OSError: broken data stream when using OpenJPEG 2.5.2
pillow 10.3.0 and 10.4.0 installed from pip fails to open jpeg from this zip archive pillow 10.2.0 works fine
pillow 10.3.0 and 10.4.0 installed from git also work fine
What did you do?
open jpeg from zip archive
What did you expect to happen?
jpeg is loaded successfully
What actually happened?
pillow 10.3.0 and 10.4.0 installed from pip raises OSError
steps to reproduce
this command
docker run --rm -i -v ./selfie-min.jpeg.zip:/selfie-min.jpeg.zip python /bin/bash -ex <<EOF
unzip /selfie-min.jpeg.zip
pip install pillow==10.3.0
python -m PIL.report
python -c 'from PIL import Image; Image.open("selfie-min.jpeg").load()'
EOF
raises
Traceback (most recent call last):
File "<string>", line 1, in <module>
File "/usr/local/lib/python3.12/site-packages/PIL/Jpeg2KImagePlugin.py", line 313, in load
return ImageFile.ImageFile.load(self)
^^^^^^^^^^^^^^^^^^^^^^^^^^^^^^
File "/usr/local/lib/python3.12/site-packages/PIL/ImageFile.py", line 310, in load
raise _get_oserror(err_code, encoder=False)
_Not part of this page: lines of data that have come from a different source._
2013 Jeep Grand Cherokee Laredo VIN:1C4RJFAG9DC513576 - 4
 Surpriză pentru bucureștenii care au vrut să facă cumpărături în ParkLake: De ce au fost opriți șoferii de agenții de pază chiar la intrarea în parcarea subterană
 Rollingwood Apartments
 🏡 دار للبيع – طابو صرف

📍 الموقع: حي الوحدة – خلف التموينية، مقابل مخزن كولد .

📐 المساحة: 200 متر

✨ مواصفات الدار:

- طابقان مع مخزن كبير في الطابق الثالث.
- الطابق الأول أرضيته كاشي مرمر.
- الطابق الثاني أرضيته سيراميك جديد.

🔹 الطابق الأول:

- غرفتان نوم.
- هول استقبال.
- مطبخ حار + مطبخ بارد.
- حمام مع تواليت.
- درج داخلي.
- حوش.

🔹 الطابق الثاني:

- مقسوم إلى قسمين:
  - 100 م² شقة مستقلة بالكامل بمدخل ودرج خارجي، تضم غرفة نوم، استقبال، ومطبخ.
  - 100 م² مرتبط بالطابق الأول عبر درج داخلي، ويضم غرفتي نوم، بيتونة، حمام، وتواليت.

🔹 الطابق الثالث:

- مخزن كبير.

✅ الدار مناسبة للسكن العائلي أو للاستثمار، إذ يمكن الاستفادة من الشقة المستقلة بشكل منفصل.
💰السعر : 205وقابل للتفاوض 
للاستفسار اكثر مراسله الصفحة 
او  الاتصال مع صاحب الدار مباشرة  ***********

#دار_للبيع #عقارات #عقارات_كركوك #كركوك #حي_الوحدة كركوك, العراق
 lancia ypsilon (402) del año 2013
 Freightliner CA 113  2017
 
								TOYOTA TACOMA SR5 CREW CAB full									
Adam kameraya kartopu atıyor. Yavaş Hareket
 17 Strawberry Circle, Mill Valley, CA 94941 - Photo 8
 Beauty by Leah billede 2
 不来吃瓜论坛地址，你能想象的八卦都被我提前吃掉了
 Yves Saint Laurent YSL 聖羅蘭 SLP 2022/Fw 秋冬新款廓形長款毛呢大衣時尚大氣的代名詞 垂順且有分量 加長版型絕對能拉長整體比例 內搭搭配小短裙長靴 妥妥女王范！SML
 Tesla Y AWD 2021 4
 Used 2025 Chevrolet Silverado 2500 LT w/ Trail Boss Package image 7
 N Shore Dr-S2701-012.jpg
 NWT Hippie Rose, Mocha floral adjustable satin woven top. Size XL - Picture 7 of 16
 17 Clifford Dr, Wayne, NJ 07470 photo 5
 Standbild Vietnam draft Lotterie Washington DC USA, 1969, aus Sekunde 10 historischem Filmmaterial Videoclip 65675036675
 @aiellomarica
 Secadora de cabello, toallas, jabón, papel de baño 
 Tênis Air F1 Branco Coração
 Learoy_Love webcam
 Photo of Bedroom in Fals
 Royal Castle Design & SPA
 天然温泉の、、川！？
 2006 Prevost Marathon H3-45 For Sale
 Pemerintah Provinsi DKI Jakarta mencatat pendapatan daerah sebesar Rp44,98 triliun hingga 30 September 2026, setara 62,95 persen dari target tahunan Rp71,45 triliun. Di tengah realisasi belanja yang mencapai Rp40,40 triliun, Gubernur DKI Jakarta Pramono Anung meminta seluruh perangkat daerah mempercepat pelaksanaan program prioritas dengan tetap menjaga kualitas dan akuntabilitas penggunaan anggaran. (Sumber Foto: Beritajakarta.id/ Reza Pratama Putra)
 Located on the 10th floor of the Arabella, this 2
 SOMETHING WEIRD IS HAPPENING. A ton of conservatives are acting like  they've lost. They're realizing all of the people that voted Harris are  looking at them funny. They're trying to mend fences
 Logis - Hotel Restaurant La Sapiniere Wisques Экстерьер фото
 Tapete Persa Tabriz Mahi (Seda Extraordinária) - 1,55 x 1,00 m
OSError: broken data stream when reading image file
while this code
docker run --rm -i -v ./selfie-min.jpeg.zip:/selfie-min.jpeg.zip python /bin/bash <<EOF
set -ex
unzip /selfie-min.jpeg.zip
pip install git+https://github.com/python-pillow/[email protected]
python -m PIL.report
python -c 'from PIL import Image; Image.open("selfie-min.jpeg").load()'
echo image loading successed
EOF
works fine
What are your OS, Python and Pillow versions?
compilled from source
--------------------------------------------------------------------
--- PIL CORE support ok, compiled for 10.3.0
--- TKINTER support ok, loaded 8.6
--- FREETYPE2 support ok, loaded 2.12.1
--- LITTLECMS2 support ok, loaded 2.14
--- WEBP support ok, loaded 1.2.4
--- WEBP Transparency support ok
--- WEBPMUX support ok
--- WEBP Animation support ok
--- JPEG support ok, compiled for libjpeg-turbo 2.1.5
--- OPENJPEG (JPEG2000) support ok, loaded 2.5.0
--- ZLIB (PNG/ZIP) support ok, loaded 1.2.13
--- LIBTIFF support ok, loaded 4.5.0
*** RAQM (Bidirectional Text) support not installed
*** LIBIMAGEQUANT (Quantization method) support not installed
--- XCB (X protocol) support ok
--------------------------------------------------------------------
installed from pip
--------------------------------------------------------------------
--- PIL CORE support ok, compiled for 10.3.0
--- TKINTER support ok, loaded 8.6
--- FREETYPE2 support ok, loaded 2.13.2
--- LITTLECMS2 support ok, loaded 2.16
--- WEBP support ok, loaded 1.3.2
--- WEBP Transparency support ok
--- WEBPMUX support ok
--- WEBP Animation support ok
--- JPEG support ok, compiled for libjpeg-turbo 3.0.2
--- OPENJPEG (JPEG2000) support ok, loaded 2.5.2
--- ZLIB (PNG/ZIP) support ok, loaded 1.2.13
--- LIBTIFF support ok, loaded 4.6.0
--- RAQM (Bidirectional Text) support ok, loaded 0.10.1, fribidi 1.0.8, harfbuzz 8.4.0
*** LIBIMAGEQUANT (Quantization method) support not installed
--- XCB (X protocol) support ok
--------------------------------------------------------------------
I think if you use LOAD_TRUNCATED_IMAGES, you will be able to load the image in all of your environments.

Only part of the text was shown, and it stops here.